O pior veio-se a saber ainda depois. Houve quem não voltasse. Houve quem morresse soterrado sob a lama que inundou o automóvel em que viajava. E, nos meses subsequentes, a presença da tragédia. Toda a gente conhecia uma vítima. Ou alguém que tinha sofrido na pele as consequências, que carregaria as marcas. Num café que costumava frequentar, uma rapariga muito simpática, sempre amável para a minha filha, parecia pálida certo dia. Tentámos falar com ela, não reagiu lá muito. Estranhámos. Depois uma colega dela disse: Ela ainda não está bem. A mãe dela morreu há tempos. Foi arrastada pela ribeira abaixo. Encolhemo-nos, quase que envergonhados. O que dizer, perante algo assim. Todas as palavras são vãs.

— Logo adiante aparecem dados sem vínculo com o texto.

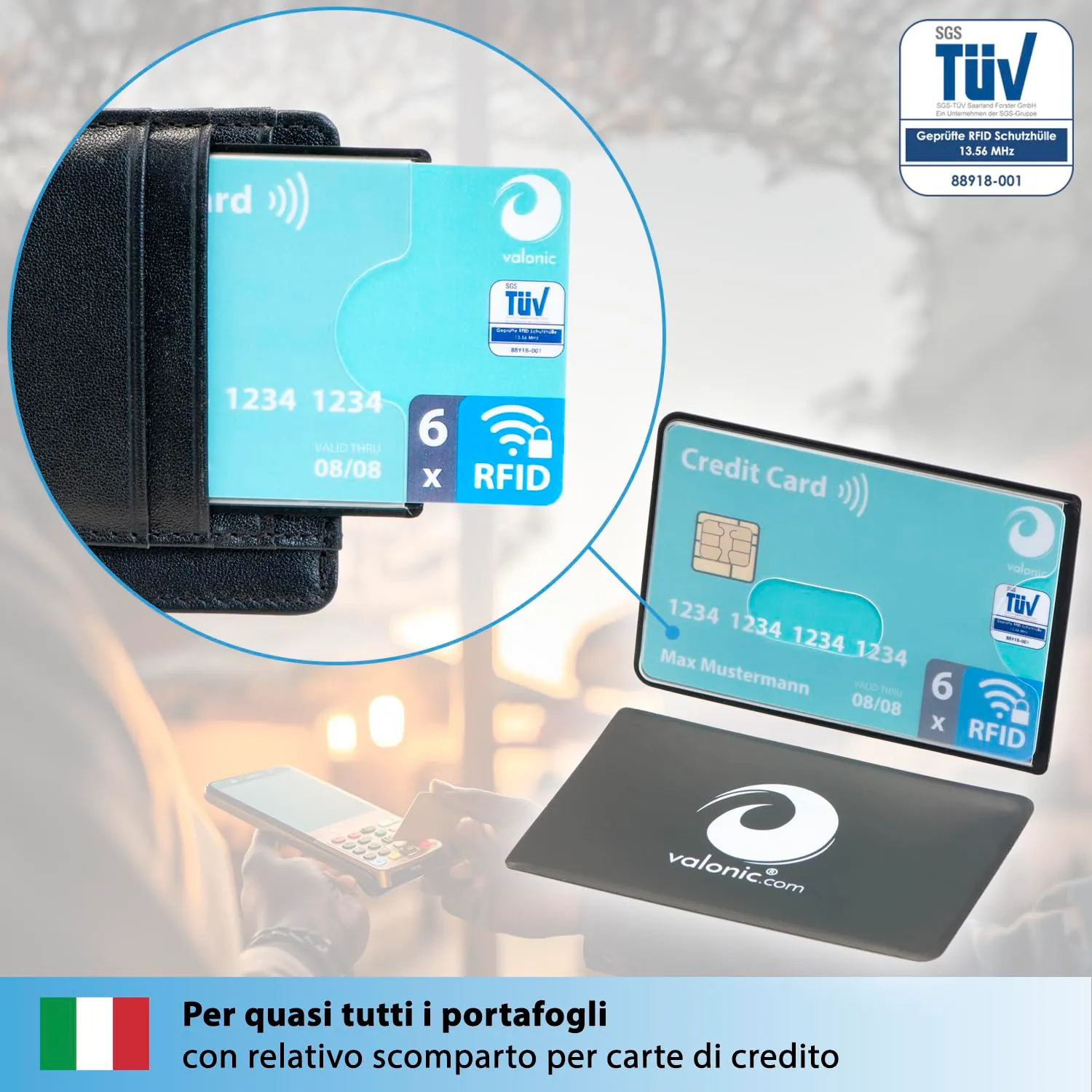 valonic Custodia RFID Blocker, 6 Pezzi, Trasparente - immagine 7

E depois, depois de tudo isto, as palavras cínicas dos políticos. A criticarem o “aproveitamento”. Sim, porque eles não tiveram culpa de nada. A culpa foi da “Mãe Natureza”. E morre solteira. Não houve negligência. Não houve incompetência em disciplinar situações que toda a gente, com dois dedos de testa, sabia que contribuíram para isto. Os críticos, os que tinham alertado, ainda foram apodados de profetas da desgraça, e de se comprazerem na tragédia alheia, porque lhes podia permitir dizer que tinham razão. E mesmo assim, esses críticos mostraram-se contidos, na hora da desgraça. Mas os senhores de fato e gravata, salvo uma ou outra excepção, não se destacaram pela grande solidariedade com as pessoas simples que perderam a casa ou o negócio. Mais tarde preferiram gastar verbas da Lei de Meios noutras coisas mais “importantes”, como a espampanante frente de mar do Funchal. O reino dos tetrápodes. Nas ribeiras juntas contra opiniões autorizadas. Os projectos entregues a quem já se distinguira pelas asneiras praticadas na Marina do Lugar de Baixo. Quem os ouvisse, quando acossados pelas críticas, pareciam ter sido eles mesmos as vítimas.

Eu só me lembro das histórias que depois me chegaram ao conhecimento. E da subtil tristeza, habilmente disfarçada, daquela empregada de café, sempre tão simpática mas nesse dia taciturna. “A mãe dela morreu. Foi pela ribeira abaixo”.

Passados alguns anos, parece que nada aconteceu. Voltámos ao mesmo quotidiano asfixiante. As pessoas ainda comentam algo nos cafés. Mas estão preocupadas com o imediato. Debatem as ridículas peripécias de uma oportunidade de alternância política que parece destinada a não acontecer. Debatem o fracasso autárquico de uma mudança que não chegou a ser. Discutem o que muda. E, quanto mais as coisas mudam, mais ficam na mesma.

Eu não sofri o 20 de Fevereiro. Não cheguei sequer a trabalhar, jornalisticamente, nesse dia. Só mais tarde. Mas era morador no centro e vi de perto as consequências. Vi os automóveis completamente cobertos de pedras na rua do Carmo. E vi os efeitos do drama ainda mais claramente mais tarde, no olhar dos familiares dos mortos.

Não se esqueçam já desta data. Não foi há tanto tempo assim.